Man of Steel Retro Review
By John Saavedra
When 2006’s Superman Returns failed to capture what had made the Christopher Reeve movies so great, Warner Bros. went back to the drawing board for several years. In the time between Superman Returns and the release of Man of Steel in 2013, Christopher Nolan had brought his definitive vision for Batman to the big screen, which is what made the director the perfect producer to lead a reboot of the Superman movie universe. Nolan couldn’t have known that he was in fact at the forefront of a DC cinematic universe.
In fact, when Nolan pitched David S. Goyer’s idea for a modern retelling of the Superman origin story, he imagined that the Man of Steel would exist in his own universe without any other superheroes.
“A lot of people have approached Superman in a lot of different ways. I only know the way that has worked for us that’s what I know how to do,” Nolan told LA Times back in 2010. Back then, he planned to approach Superman much in the same way as his Batman trilogy. “Each serves to the internal logic of the story.
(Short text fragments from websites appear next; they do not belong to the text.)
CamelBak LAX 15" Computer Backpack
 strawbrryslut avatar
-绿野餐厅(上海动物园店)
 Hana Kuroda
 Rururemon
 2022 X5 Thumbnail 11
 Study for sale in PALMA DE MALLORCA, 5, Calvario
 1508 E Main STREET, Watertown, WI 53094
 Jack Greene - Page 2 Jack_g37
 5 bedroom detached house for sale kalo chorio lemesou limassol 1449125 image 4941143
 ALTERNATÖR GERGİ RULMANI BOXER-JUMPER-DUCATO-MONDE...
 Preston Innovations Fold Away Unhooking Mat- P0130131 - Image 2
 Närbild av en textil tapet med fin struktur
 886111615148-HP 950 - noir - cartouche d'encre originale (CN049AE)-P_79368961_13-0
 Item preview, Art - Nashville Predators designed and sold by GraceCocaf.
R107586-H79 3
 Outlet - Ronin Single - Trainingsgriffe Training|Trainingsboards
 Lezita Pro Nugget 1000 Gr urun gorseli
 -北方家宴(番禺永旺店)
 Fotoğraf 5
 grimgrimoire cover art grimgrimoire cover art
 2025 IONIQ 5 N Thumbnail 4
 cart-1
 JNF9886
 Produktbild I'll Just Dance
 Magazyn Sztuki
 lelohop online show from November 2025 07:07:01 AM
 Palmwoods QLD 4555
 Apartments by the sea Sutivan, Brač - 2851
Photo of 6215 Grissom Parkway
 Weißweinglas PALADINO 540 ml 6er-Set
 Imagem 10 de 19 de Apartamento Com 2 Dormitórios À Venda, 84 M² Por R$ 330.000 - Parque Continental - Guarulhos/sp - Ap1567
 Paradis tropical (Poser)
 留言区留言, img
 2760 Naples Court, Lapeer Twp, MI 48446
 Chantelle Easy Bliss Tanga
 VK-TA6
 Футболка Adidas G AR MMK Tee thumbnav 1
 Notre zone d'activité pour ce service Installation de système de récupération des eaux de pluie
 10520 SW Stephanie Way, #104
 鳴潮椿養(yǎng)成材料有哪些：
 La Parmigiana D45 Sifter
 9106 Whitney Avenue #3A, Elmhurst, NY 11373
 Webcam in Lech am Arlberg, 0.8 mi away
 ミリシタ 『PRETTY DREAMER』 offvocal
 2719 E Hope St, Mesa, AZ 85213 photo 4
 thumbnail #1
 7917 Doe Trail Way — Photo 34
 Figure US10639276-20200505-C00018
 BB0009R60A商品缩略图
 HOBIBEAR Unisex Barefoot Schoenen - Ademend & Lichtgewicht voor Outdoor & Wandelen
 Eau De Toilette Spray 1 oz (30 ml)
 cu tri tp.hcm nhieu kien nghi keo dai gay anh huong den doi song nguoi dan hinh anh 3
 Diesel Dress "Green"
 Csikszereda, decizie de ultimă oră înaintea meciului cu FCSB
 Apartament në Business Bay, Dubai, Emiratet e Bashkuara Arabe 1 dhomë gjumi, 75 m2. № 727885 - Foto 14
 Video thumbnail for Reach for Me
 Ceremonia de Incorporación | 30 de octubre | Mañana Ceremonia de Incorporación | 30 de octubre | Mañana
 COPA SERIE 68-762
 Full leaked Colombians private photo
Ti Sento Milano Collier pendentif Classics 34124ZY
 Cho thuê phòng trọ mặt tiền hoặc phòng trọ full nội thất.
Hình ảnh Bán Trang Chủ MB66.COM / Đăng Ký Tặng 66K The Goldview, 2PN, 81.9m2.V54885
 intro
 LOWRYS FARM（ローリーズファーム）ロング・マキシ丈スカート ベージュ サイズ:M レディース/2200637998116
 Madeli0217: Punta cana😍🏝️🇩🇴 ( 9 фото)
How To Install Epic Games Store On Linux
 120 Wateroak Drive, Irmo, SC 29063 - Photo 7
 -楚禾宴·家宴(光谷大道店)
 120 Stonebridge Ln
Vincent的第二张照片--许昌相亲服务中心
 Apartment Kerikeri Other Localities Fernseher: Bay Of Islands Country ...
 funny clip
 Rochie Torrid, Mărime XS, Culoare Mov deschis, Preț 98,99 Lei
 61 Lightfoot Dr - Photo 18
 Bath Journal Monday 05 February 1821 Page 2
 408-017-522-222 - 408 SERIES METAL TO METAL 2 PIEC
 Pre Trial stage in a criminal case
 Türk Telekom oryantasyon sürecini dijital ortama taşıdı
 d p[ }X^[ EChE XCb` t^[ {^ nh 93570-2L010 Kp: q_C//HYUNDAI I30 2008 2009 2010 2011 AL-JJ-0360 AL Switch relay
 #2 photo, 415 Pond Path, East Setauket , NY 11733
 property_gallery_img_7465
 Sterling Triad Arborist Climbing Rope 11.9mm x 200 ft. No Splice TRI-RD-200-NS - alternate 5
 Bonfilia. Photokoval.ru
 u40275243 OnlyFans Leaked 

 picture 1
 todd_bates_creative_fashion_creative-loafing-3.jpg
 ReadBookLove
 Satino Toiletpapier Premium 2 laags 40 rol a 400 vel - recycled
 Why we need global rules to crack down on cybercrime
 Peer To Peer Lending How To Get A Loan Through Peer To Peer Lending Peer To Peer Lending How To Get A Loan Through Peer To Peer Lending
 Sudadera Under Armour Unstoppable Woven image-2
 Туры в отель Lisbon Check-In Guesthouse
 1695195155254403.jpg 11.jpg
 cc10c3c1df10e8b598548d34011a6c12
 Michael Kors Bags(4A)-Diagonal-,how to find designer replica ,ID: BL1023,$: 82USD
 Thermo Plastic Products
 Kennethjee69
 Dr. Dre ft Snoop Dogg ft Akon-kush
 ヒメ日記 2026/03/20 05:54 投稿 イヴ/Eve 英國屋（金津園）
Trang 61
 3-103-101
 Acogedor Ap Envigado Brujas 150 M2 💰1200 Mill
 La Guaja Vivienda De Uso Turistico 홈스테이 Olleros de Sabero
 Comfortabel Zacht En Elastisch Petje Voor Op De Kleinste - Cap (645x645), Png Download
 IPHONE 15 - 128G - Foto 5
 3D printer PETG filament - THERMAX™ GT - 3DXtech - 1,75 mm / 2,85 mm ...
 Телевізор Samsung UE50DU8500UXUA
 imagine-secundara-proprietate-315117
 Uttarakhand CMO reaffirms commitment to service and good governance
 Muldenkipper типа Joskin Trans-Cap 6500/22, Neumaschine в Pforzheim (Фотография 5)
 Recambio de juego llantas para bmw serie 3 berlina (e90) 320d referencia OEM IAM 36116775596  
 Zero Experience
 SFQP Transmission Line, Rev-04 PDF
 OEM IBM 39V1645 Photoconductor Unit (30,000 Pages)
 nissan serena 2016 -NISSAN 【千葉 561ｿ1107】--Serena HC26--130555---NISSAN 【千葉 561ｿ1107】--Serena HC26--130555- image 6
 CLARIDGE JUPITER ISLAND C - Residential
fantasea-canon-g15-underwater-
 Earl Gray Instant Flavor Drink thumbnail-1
They have nothing to do with each other.”
Warner Bros. later turned Man of Steel into the first chapter of its DC Extended Universe of movies, and the rest, as they say, is history. But as a standalone film, the way it was meant to be watched, Man of Steel almost works.
Zack Snyder’s film takes Superman into decidedly darker science fictional territory than past iterations of the superhero. This shouldn’t come as a surprise if you’ve seen other Snyder films, with their desaturated color palettes and dark undertones. There was never really a chance that his Superman, played by Henry Cavill, would light up a screen with positivity and do-goodedness. Instead, Cavill’s Superman is angsty and confused.
Snyder tries to ground the hero by making him more vulnerable, and human in a way. Clark isn’t really sure what he should do about his powers, and by the end of the movie, he’s still not quite sure what it means to be a superhero. After all, he’s just destroyed an entire city and killed the movie’s main villain, General Zod. This Clark doesn’t come fully formed. It’s not like he knows how to fight crime and save the world as soon as he puts on the tights — something that does render 1978’s Superman a bit naive in today’s age. Cavill’s Superman really acts like a rookie throughout, perhaps even a little self-centered as he focuses on his own pain and identity crisis over the good of mankind. But you don’t learn to be a hero in a day.
Some of Clark’s journey is fun to watch. We still get Superman saving a bus full of children and some blue collar workers on an oil rig, but those waiting for the Man of Steel to save Air Force One will be sorely disappointed. And as you probably already know, Superman ends up killing way more people than he saves during his first fight in Metropolis. His battle with Zod is an absolute trainwreck, both in the story and visually.
Snyder’s always had a knack for directing movies — especially ones with tons of action — that look like video games. The action sequences in Man of Steel suffer from way too much CGI. Forget the practical effects that might make anything look reall. Snyder is going for epic tone, which means epic amounts computer-generated effects. Mind you, the action sequences are nowhere near as bad as the ones in Batman v Superman: Dawn of Justice, but they are sort of stale.
The strongest part of the movie is undoubtedly when it’s at its most sci-fi. The opening section on Krypton is beautiful. Almost a quarter of the film is devoted to the final days of the planet’s existence, as Jor-El tries to convince a council of stubborn Kryptonians that their world is coming to an end.
This opening is not unlike Richard Donner’s movie, which also spend a considerable amount of time establishing Marlon Brando’s Jor-El. This time around, Russell Crowe plays Superman’s dad, and he ends up giving a more charismatic performance the more restrained Cavill, who plays his Man of Steel as a very serious character.
Krypton is fully realized, and the most interesting setting in the movie, which spends a considerable amount of time in small-town America and barely any time in Metropolis. What action we get on this planet is made all the more captivating by the alien technology and strange creatures that populate it. It’s too bad this movie couldn’t have just been a Krypton prequel — a concept that IS coming to Syfy as a TV series created by Goyer, coincidentally — but Man of Steel does at least deliver Superman’s origin story in full, even if it is ultimately a retread of what’s come before, a story we’ve heard a hundred times before. But because it’s Snyder, it’s the darker version.